- The Washington Times - Thursday, September 27, 2018

The showdown hearing between Supreme Court nominee Brett Kavanaugh and accuser Christine Blasey Ford was must-see television around Capitol Hill, but in Mandy’s, a popular breakfast spot in southeastern Louisiana, it was pure background.

Ms. Blasey Ford’s emotional testimony played on three large screen televisions but the sound was off and none of the 20 or so patrons was watching.

Even inside the Beltway, a coffee shop in Rosslyn, just across the Potomac River from Washington, were aware of the hearing but were hardly giving it their undivided attention.

“Not closely, I check up on the news like occasionally, you know I just look at it,” said Katherine Chapin, an employee at Compass Coffee on break.

Ms. Chapin said she read Ms. Blasey Ford’s opening statement and “skimmed” Judge Kavanaugh’s. While she found the spectacle interesting, an employee at Mandy’s said it’s all political.

“I think it’s a political hit job,” said Rebecca O’Brien. “If you want to know the truth, I think it’s B.S.”

Ms. Blasey Ford had Washington atwitter with a powerful morning recounting of a 36-year-old assault, parts of which she says she remembers clearly, including her attackers’ laughter.

Judge Kavanaugh, face reddening from anger and indignation, countered later in the afternoon that he’d never assaulted her or anyone else, and calling the treatment he’s suffered at the hands of Democrats “a national disgrace.”

Some employees at Mandy’s said they had not paid much attention to the hearings, but expressed some doubt about Ms. Ford’s story even though one said she was the victim of sexual abuse herself, and Ms. O’Brien said she has witnessed investigators take a cavalier approach to women who were victims.
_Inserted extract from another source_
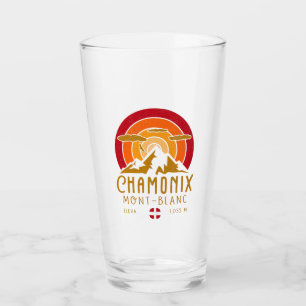 Copo De Pint Chamonix França Retro Sunset Skiing Souvenirs 80s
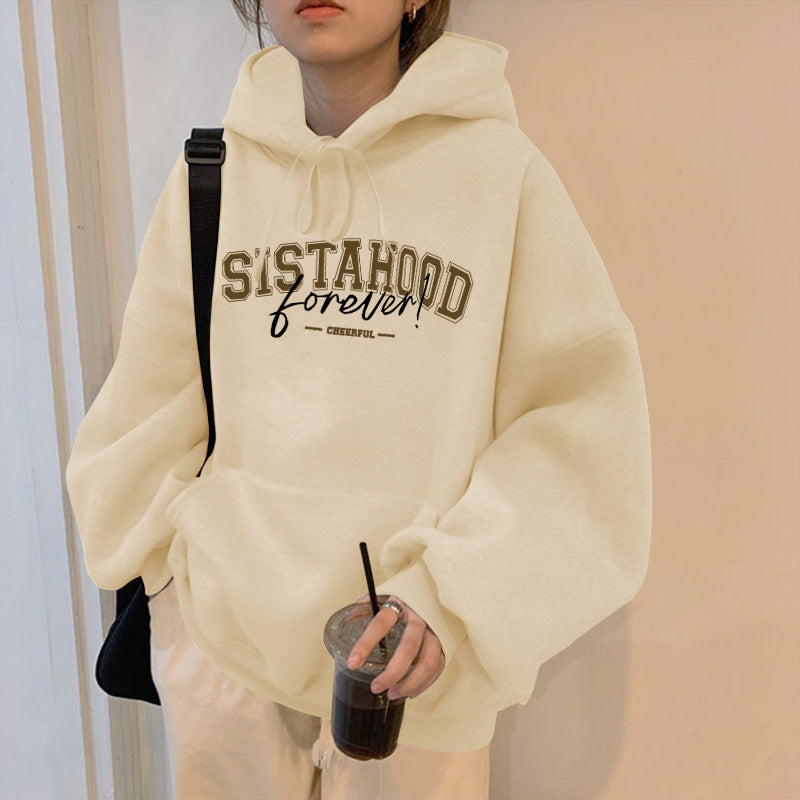 Dame hoodie med kreativ tekstopplevelse og avslappet oversized passform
The fact the hearing itself may not have captured everyone’s attention did not mean they were indifferent.

Yvette Sinclair, Mandy’s owner, said people have been talking about it for days but that if her regulars were in, “they’d be yelling at the television.

“I’m like the only Democrat here,” Ms. Sinclair said, referring to running a business in a Louisiana parish that votes strongly Republican.

Back in Washington, Georgetown University students gathered in the Healy Family Student Center to watch CBS coverage of the hearing. At least 30 students were glued to the screen, many sitting with books and notes.

Some professors allowed students to leave class without penalty to watch the hearing.

“I’ve been following the Kavanaugh hearings for the entirety of his nomination,” said Eli Lefowitz, class of 2021. “I think it’s everyone’s obligation and duty to do something like that especially when we have a president who constantly and blatantly disregards precedent.”

Mr. Lefowitz noted the furor over Judge Kavanaugh’s alleged sexual misconduct has played out while sex-abuse accusations continue to rock the Roman Catholic Church.

“Sexual assault has been a prevailing theme across Jesuit and Catholic communities given recent allegations that have come out of New York, Pennsylvania and other states,” he said. “So I think it hits especially close to home here on a Jesuit campus.”

Indeed, at the school’s “free speech” zone, known as Red Square, students had chalked a supportive message for Ms. Blasey Ford over the weekend.

Three women from Georgetown’s freshman class — Abigail Eastman, Paige Raborn, Christine Argentino — all said that the Kavanaugh accusations had a special impact on the student body in light of the school’s focus on sexual assault prevention. They said there was a large awareness on campus because of Georgetown’s location in the District and its connection to Judge Kavanaugh’s high school.

“It’s got our name in it,” Ms. Raborn said.